Exemption from the Quinquennial Report Filing. The BEA has not yet provided the details of the quinquennial report or the exemption criteria.
When to File
The following guidelines apply to with regard to filing deadlines for BEA reports.
First-Time Quarterly Report (BE-605)—Within 30 days after the end of the calendar or fiscal quarter in which the transaction closed
Quarterly Report (BE-605) (if not exempted)—Within 30 days after the close of each calendar or fiscal quarter. The report for the fourth quarter may be filed within 45 days after the end of that quarter
Annual Report (BE-15) (if not exempted)—No later than May 31 for fiscal years ending in the preceding year. The 2009 annual report will be due on May 31, 2010.
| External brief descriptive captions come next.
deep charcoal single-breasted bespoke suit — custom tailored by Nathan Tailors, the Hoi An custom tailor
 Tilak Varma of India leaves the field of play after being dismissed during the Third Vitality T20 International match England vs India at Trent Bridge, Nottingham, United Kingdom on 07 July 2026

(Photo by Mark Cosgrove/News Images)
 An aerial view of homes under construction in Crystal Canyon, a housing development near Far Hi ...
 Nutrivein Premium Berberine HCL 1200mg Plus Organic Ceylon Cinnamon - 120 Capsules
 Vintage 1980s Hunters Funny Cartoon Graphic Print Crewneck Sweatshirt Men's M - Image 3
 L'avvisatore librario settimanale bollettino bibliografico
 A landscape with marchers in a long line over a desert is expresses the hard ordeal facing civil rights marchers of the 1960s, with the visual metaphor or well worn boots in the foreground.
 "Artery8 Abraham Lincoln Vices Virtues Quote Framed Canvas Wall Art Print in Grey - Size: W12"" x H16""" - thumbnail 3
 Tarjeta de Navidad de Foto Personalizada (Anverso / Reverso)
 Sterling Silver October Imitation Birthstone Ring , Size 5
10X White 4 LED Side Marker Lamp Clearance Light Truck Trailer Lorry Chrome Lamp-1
Quinquennial Report—To be determined by the BEA based upon their five-year survey date
Potential Civil and Criminal Liabilities
The reporting affiliate and its directors and officers who fail to file the BEA reports could each be subject to a civil penalty of not less than $2,500 and not more than $25,000. To seek such civil penalty, the BEA needs to bring a civil lawsuit against the company and involved individuals in U.S. federal district court. Additionally, the BEA may also seek an injunction order from the court commanding the reporting affiliate to comply with the reporting requirement. Companies or individuals who willfully violate the BEA reporting obligations are subject to a fine of not more than $10,000 or a term of imprisonment of one year or less.